Ceph stats and monitoring tools¶
Ceph tracks some state internally for its own purposes, but also exposes a wealth of other information for consumption by external tools. There is little consensus or shared knowledge of what a full solution is or should look like, both for health and performance monitoring.
- Kyle Bader (DreamHost)
- Sage Weil (Inktank)
- Josh Durgin
- Dan Mick
- Xiaobing Zhou(xzhou40 (AT) hawk.iit.edu)
There is a collectd plugin and others have experimented with statsd, both in combination with graphite.
There is a nagios plugin available.
What about ganglia?
The collectd plugin has been used successfully by DreamHost, but my efforts to get it upstream have stalled due to a poor choice of json library.

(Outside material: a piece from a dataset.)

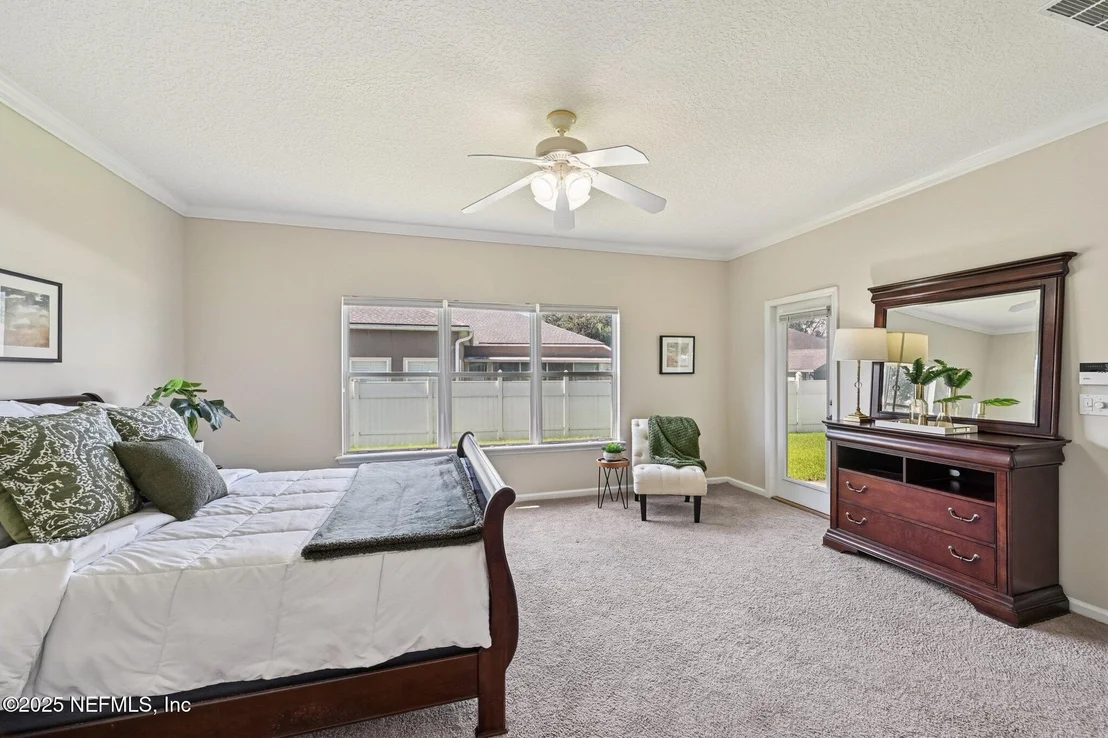 Photo of 3171 STONEBRIER RIDGE Drive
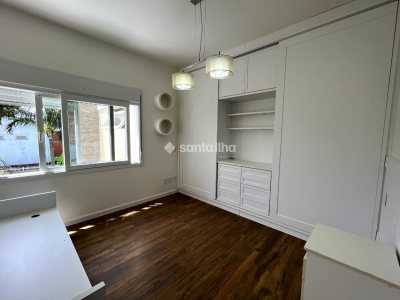 Casa em Condomínio para alugar com 576m², 3 quartos, 2 suítes, 4 vagas no bairro Morro das Pedras em Florianópolis - Foto 30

The nagios plugin is available on github, but not as part of the Ceph tree. Should it be upstream? Documented?
Graphite looks good (to me) for warehousing the stats. What is the best way to get them from all the daemons into graphite? Collectd works okay if you have a single graphite server, but the 'proxy' functionality of collectd does not work if the meters are dynamically defined (as they are with ceph--we add them all the time and the plugin autoconfigures itself accordingly).
Discuss possible approaches, available tools, and come to some consensus on what tools and integrations should be fully developed and documented.